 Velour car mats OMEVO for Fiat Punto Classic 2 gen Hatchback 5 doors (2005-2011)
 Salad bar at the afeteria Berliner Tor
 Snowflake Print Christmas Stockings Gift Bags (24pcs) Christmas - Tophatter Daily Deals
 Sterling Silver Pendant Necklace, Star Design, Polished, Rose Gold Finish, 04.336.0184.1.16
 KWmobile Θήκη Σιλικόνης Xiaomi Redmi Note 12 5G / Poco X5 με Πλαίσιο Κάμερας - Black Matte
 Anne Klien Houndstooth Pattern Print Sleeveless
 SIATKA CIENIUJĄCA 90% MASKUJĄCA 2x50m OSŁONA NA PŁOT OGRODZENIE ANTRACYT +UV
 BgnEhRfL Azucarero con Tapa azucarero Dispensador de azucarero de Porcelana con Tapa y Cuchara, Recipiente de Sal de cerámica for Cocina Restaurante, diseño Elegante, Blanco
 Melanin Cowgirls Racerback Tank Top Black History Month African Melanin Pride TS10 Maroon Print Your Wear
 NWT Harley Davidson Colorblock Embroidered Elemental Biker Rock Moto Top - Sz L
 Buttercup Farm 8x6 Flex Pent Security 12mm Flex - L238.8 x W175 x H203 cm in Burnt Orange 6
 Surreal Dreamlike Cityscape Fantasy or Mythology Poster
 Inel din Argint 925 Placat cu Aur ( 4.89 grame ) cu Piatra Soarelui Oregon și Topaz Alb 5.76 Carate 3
# # # #
■ WORK REQUEST ■
Wherever a line of the listing above contains the string "Black", copy that line.

■ RESPONSE ■
 KWmobile Θήκη Σιλικόνης Xiaomi Redmi Note 12 5G / Poco X5 με Πλαίσιο Κάμερας - Black Matte
 Melanin Cowgirls Racerback Tank Top Black History Month African Melanin Pride TS10 Maroon Print Your Wear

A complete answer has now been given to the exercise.